Seit ich vor ein paar Monaten sämtliche Glühbirnen und Leuchtstrahler im Haus durch Energiesparlampen ersetzt habe, wird es nach dem Einschalten des Lichts gefühlt dunkler, anstatt heller. Dies ist der technischen Unzulänglichkeit jener neumodischen Leuchtkörper geschuldet, eine nicht unerhebliche Weile zu benötigen, bis sie ihre vollständige Strahlkraft erreichen. Die andere Alternative energiesparender Leuchten, also solche mit Leuchtdioden, von denen ich auch einige verschraubt habe, geben zwar ein helles, fast gleißendes Licht ab, tun dies aber räumlich nur sehr eingeschränkt und der nicht direkt angestrahlte Raum verharrt eher im Dunkeln.

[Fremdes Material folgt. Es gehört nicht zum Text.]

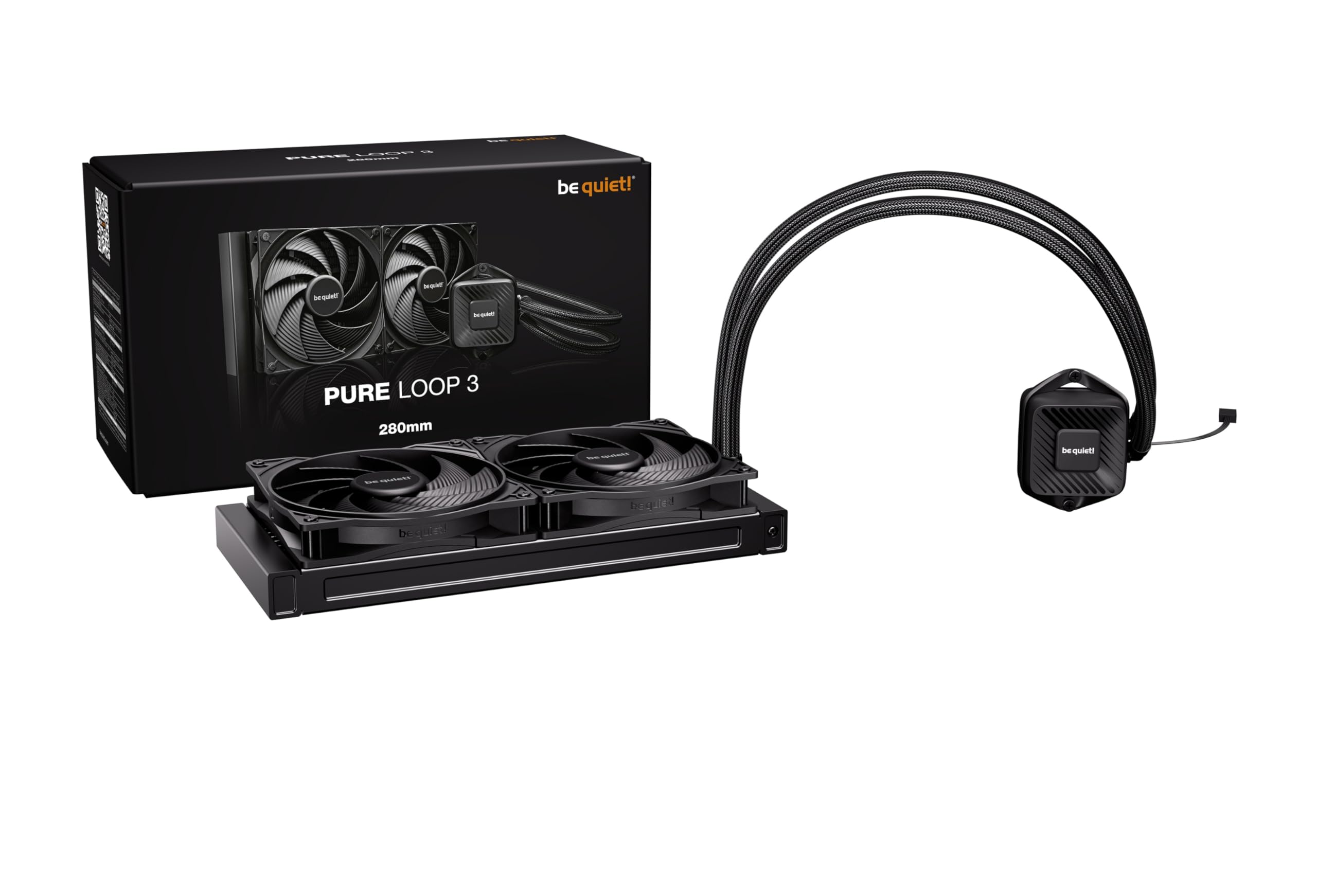 Amazon.com: be quiet! Pure Loop 3 280mm All-in-One Water Cooling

Die Liebste ist von diesem Umstand wenig angetan und neigt seither zum Maulen. Ich gestehe, ich fürchte den Tag, an dem sie die eingesparte Energie mit der eingebüßten Lebensqualität verrechnet, diese Bilanz nicht zugunsten der Energieersparnis ausgeht und sie mich auffordert, sämtliche Birnen, Kerzen und Strahler, die ich weiland großzügig an Nachbarn, Bekannte und Freunde verschenkt habe, zurück ins eigene Heim zu holen, um dieses wieder angemessen zu illuminieren.

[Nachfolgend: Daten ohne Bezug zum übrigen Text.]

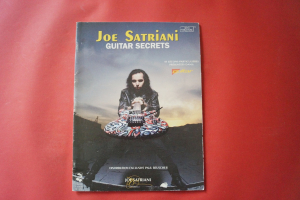 Joe Satriani - Guitar Secrets (französisch) Notenbuch Guitar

Im Zusammenhang mit Leuchtdioden gibt es allerdings noch ein zweites Problemfeld in unserem Haushalt.
Die Liebste hat sich angewöhnt, nachts, bevor sie sich dem Reich der Träume überstellt, eine Folge Winnie The Pooh zu hören, gelesen vom einzigartigen, vom unnachahmlichen, vom unerreicht bärtigen Harry Rowohlt . Dazu hat sie ihren mp3-Player mit zwei kleinen Lautsprechern verbunden, auf deren Oberseite eine Leuchtdiode ihr grellblaues Licht über Nachttisch und Kopfkissen ergießt.
Zwar ist die Liebste meistens bereits eingeschlafen, kaum dass Harry den einführenden Text Geschichten von einem Bären, mit sehr geringem Verstand gesprochen hat, aber wenn sie nach der ersten Tiefschlafphase erwacht, fühlt sie sich von besagter Diode geblendet und das Abschalten der Boxen gestaltet sich als unzumutbare Fummelei. Der Vorteil des sanften Entschlummerns durch Herrn Rowohlts beruhigende Stimme wird also durch den Nachteil der Blendung und Lautsprecherabschaltung wieder wett gemacht.
Ich solle mir diesbezüglich bitteschön Abhilfemaßnahmen einfallen lassen, forderte die Liebste deshalb nachdrücklich und mir war schnell klar, dass die störende Überbeleuchtung des Nachttisches einen ähnlich hohen Stellenwert einnahm, wie die Unterbelichtung des restlichen Hauses durch fehlkonstruierte Sparlampen.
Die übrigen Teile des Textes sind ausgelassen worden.